Exercise description: Every line of the listing below should be written out exactly, minus its pictures.

Available records:
Segment Open

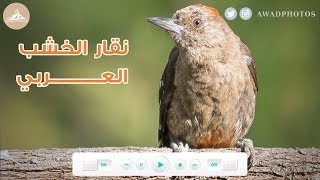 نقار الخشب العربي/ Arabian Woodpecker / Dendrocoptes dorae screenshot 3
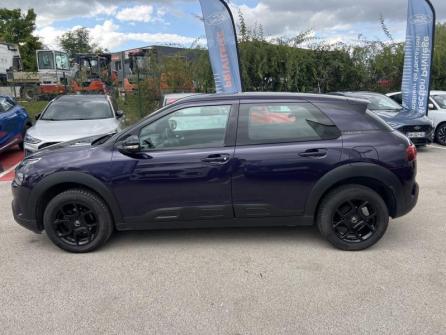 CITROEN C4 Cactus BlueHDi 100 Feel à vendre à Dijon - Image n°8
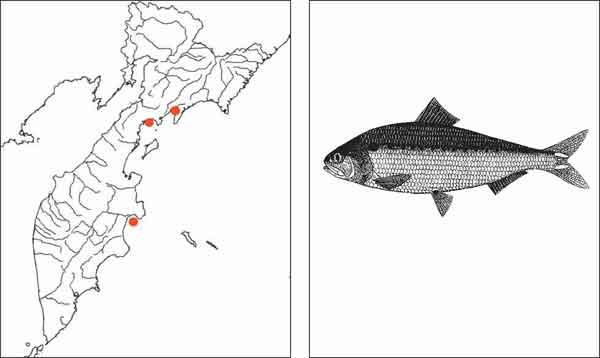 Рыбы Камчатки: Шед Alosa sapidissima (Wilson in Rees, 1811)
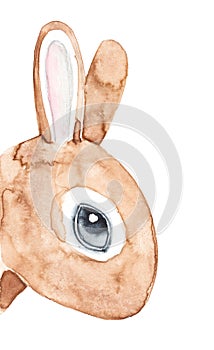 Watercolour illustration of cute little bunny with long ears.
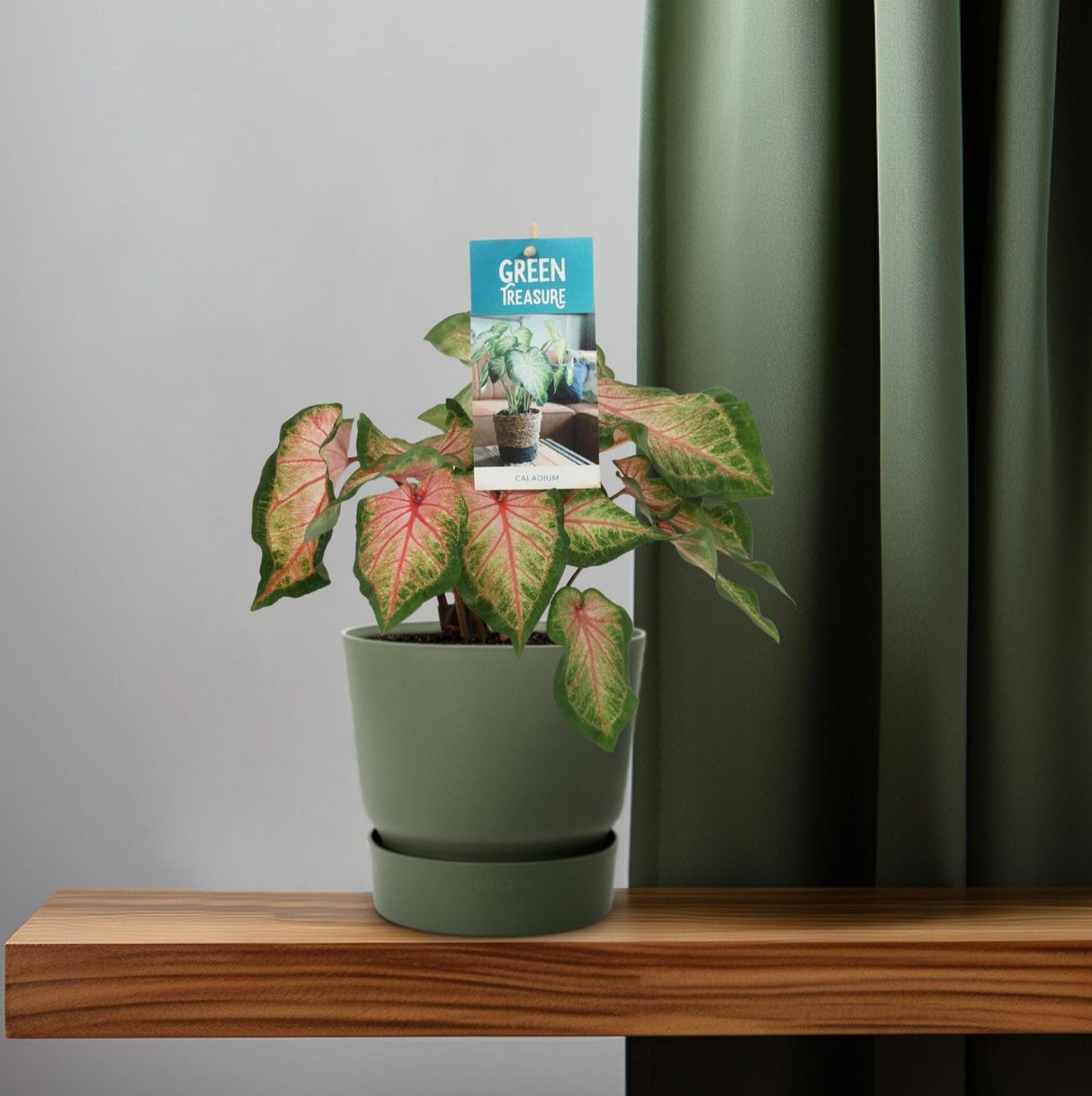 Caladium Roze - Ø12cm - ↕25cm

Segment Closed

Reply to the exercise:
 نقار الخشب العربي/ Arabian Woodpecker / Dendrocoptes dorae screenshot 3
 CITROEN C4 Cactus BlueHDi 100 Feel à vendre à Dijon - Image n°8
 Рыбы Камчатки: Шед Alosa sapidissima (Wilson in Rees, 1811)
 Watercolour illustration of cute little bunny with long ears.
 Caladium Roze - Ø12cm - ↕25cm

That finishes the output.